Bruno Alomar : Les engagements que la France a pris vis-à-vis de Bruxelles sont principalement pris au titre du pacte de stabilité et de croissance : retour à des finances publiques assainies, etc. Mais dans les faits, il n’y a aucun engagement réel. Cela fait bien longtemps qu’on a compris que le pacte de stabilité et de croissance et plus largement les règles européennes étaient incapables de forcer la France à remettre ses finances publiques dans un état compatible avec les règles européennes. En fait tout s’est joué à l’automne 2003, quand la France, sous le gouvernement Raffarin, s’est entendue avec l’Allemagne pour ne pas respecter les règles. Depuis, la succession des crises et l’incapacité des dirigeants (Sarkozy, Hollande, Macron) ont fait le reste. Pour ce qui concerne l’UE, interrogé par des « petits pays » sur la mansuétude de la Commission à l’égard de la France, le Président de la Commission Juncker avait fini par admettre « France is different ». Traduisez : "la France est trop grande pour être contrainte".

Don Diego De La Vega : Pas grand-chose. Tout dépend de ce qu’on appelle engagement. Il y a la pensée magique « je souhaiterais », à la Macron.
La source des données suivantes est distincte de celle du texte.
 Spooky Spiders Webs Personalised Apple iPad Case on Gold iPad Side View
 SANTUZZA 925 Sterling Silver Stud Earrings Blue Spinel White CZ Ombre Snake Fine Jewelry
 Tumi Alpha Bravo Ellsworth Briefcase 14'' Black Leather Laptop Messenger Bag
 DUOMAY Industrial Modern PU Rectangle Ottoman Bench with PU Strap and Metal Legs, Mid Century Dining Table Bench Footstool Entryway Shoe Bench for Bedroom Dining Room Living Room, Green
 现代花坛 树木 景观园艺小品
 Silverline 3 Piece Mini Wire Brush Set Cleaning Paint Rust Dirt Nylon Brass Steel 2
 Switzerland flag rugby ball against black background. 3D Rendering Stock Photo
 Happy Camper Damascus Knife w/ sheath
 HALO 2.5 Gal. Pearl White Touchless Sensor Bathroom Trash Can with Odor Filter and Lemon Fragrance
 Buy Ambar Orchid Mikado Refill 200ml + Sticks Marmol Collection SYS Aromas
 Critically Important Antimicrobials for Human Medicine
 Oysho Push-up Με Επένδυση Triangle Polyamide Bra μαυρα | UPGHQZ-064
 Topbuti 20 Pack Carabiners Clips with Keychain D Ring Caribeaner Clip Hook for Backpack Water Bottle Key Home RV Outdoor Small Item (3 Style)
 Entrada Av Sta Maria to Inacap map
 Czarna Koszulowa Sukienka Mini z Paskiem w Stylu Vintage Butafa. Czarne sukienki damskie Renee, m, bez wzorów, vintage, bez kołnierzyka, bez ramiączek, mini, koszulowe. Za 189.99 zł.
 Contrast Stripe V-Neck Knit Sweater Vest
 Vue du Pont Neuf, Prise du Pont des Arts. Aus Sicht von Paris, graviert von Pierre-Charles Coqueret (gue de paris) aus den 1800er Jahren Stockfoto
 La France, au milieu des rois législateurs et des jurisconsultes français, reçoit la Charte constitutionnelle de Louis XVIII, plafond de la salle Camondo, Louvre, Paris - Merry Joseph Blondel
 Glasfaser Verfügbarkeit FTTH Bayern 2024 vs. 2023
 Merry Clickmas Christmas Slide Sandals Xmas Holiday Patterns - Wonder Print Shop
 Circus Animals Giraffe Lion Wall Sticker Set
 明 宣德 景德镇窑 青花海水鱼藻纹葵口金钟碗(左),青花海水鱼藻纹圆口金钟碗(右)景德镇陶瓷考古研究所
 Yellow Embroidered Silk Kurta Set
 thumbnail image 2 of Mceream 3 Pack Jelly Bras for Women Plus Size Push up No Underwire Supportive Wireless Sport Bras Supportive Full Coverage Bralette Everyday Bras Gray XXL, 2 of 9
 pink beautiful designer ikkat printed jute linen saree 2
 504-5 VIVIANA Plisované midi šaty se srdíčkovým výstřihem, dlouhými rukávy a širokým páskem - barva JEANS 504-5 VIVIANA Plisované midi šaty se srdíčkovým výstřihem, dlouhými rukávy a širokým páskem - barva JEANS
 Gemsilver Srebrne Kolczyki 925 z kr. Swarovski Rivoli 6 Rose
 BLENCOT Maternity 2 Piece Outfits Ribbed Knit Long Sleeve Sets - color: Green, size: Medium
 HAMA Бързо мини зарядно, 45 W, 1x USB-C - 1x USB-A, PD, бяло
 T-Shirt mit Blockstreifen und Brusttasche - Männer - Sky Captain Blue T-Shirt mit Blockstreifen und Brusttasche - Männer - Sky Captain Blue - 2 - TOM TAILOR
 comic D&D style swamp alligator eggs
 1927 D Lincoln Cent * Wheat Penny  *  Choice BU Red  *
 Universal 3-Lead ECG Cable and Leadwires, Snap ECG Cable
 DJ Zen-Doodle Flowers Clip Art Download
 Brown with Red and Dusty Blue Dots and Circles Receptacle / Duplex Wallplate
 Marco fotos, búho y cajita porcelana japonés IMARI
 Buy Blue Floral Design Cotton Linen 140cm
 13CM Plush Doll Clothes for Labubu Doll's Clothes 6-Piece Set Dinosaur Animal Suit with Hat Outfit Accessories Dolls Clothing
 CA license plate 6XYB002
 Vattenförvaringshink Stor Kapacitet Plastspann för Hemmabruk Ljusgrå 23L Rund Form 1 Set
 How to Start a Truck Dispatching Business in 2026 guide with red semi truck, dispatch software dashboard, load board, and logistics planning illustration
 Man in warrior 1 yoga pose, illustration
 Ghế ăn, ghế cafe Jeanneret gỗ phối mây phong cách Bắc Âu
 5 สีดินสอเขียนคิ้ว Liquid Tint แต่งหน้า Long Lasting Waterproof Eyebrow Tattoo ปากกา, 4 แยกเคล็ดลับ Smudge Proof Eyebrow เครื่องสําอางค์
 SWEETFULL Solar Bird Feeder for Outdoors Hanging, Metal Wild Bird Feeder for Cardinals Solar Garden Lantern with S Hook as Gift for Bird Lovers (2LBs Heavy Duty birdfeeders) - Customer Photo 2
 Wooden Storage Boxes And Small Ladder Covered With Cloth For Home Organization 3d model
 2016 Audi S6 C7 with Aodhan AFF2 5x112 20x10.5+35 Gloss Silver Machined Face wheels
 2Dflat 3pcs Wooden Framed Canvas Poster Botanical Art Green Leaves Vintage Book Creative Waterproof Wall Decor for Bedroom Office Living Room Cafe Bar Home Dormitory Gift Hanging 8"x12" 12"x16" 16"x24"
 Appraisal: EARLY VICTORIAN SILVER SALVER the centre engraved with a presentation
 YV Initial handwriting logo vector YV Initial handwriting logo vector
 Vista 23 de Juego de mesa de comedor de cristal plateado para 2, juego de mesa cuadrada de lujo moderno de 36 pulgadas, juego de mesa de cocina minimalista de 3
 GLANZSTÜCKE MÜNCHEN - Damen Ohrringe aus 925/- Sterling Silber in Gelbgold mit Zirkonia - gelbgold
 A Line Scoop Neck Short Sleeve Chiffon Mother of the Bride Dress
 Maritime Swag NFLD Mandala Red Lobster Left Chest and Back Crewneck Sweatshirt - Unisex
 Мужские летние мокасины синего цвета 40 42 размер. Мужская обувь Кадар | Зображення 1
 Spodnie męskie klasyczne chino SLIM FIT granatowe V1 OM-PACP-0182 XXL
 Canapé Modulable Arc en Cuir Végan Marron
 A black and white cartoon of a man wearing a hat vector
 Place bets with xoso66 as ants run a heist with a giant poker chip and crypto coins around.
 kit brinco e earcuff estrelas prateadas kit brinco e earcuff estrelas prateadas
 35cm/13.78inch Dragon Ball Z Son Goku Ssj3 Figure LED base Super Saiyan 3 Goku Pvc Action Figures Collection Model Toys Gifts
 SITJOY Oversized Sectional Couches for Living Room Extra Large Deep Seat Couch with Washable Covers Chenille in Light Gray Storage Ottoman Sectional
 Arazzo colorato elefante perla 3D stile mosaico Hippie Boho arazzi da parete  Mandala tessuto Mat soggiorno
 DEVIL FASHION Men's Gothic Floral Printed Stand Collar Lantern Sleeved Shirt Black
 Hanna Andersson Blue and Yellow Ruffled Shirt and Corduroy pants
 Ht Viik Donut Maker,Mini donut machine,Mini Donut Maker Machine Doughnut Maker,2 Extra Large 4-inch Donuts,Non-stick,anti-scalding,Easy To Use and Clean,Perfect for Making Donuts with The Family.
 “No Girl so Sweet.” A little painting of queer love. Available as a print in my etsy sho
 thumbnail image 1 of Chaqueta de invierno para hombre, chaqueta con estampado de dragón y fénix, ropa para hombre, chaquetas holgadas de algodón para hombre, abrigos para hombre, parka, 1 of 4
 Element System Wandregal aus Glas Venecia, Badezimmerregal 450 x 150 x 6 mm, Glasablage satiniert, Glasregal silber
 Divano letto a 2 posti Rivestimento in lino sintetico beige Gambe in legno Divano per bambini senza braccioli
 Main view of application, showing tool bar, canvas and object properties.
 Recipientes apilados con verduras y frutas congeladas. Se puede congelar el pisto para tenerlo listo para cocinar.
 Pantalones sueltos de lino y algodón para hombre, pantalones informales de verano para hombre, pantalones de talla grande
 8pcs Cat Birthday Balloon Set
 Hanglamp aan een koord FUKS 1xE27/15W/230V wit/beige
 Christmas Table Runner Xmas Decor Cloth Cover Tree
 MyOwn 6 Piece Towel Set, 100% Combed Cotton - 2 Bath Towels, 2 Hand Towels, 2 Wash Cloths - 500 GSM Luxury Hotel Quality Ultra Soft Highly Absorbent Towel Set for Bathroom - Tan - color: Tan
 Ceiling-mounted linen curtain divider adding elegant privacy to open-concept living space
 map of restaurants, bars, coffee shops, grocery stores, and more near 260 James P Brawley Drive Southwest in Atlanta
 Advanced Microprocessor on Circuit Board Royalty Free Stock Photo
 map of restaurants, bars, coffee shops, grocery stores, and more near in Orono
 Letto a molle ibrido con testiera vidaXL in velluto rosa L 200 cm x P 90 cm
Il y a les engagements couchés sur papier qu’on fait valider à nos partenaires. Et ensuite il y a les engagements gravés dans le marbre sous forme de traités ou autre. Bruxelles souhaite un processus de réformes « structurelles » qui ont été demandées et rebrandées depuis dix ans. Ce sont des réformes de l'offre productive, puisqu’il y avait des rigidités nominales et réelles en zone euro. Il y en a toujours d’ailleurs. Ainsi, Bruxelles recommande des réformes sur le marché du travail, la fiscalité, les retraites, etc. « en vue de corriger des déséquilibres macroéconomiques ».  La France s’engage régulièrement sur le sujet, et dit qu’elle fait des progrès sur ces sujets via des réformes sectorielles ou transversales. Nous n’avons pas pris d’engagement ferme à faire une retraite et nous avons encore moins spécifié les modalités de cette dernière. Edouard Philippe proposait en 2019 une réforme bien différente. Nous ne nous sommes pas engagés sur un timing ou sur un montant de dépenses à économiser. Notre engagement reste à portée générale. Il vise un alignement à terme avec les autres pays européens sur différentes normes, notamment les retraites.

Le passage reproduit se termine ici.